━━━ Dataset entries ━━━
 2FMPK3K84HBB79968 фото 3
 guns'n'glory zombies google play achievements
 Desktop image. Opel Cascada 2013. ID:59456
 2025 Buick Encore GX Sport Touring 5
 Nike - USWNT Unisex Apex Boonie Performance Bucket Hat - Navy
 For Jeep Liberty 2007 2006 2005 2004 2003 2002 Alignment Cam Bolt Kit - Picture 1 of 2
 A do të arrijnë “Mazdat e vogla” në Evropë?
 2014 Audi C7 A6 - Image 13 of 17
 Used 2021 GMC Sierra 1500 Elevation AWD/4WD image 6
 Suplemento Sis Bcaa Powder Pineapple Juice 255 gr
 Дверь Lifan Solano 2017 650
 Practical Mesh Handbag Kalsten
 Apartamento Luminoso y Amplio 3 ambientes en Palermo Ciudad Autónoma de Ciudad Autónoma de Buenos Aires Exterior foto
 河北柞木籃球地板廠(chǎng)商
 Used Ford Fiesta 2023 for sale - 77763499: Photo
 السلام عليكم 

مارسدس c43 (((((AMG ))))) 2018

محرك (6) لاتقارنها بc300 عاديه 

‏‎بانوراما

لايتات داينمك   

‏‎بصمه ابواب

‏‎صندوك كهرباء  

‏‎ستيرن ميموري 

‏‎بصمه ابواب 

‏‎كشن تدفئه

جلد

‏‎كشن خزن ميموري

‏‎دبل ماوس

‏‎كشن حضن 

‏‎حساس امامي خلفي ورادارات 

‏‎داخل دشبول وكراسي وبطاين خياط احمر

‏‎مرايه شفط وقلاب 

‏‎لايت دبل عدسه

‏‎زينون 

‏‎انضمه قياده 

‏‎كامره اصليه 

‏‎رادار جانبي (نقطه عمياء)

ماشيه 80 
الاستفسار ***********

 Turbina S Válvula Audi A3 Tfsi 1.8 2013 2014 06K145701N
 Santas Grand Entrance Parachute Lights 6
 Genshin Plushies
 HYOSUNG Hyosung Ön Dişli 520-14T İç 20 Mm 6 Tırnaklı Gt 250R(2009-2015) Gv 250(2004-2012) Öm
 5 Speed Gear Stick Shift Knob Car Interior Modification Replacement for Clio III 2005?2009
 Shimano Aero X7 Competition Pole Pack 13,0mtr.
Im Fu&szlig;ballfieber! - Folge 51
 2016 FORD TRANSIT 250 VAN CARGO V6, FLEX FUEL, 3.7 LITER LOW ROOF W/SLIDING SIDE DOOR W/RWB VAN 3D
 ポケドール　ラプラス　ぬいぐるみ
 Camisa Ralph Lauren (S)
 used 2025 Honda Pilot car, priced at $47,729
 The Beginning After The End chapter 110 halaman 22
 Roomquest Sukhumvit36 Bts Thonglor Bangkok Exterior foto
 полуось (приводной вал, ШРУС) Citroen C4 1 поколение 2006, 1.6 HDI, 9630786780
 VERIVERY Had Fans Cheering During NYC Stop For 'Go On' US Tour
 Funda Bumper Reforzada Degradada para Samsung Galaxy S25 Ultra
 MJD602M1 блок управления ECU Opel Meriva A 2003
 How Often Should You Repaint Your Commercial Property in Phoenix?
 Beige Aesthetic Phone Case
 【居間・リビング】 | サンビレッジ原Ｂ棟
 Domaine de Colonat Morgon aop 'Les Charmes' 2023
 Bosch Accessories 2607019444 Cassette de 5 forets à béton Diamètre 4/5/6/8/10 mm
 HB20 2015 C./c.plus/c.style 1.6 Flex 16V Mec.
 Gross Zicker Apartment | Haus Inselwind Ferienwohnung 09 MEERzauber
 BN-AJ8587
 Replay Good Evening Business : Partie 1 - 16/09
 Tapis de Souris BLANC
━━━
Work instruction:
Which lines above hold the string "Exterior"? Copy every one of them.

Task response:
 Apartamento Luminoso y Amplio 3 ambientes en Palermo Ciudad Autónoma de Ciudad Autónoma de Buenos Aires Exterior foto
 Roomquest Sukhumvit36 Bts Thonglor Bangkok Exterior foto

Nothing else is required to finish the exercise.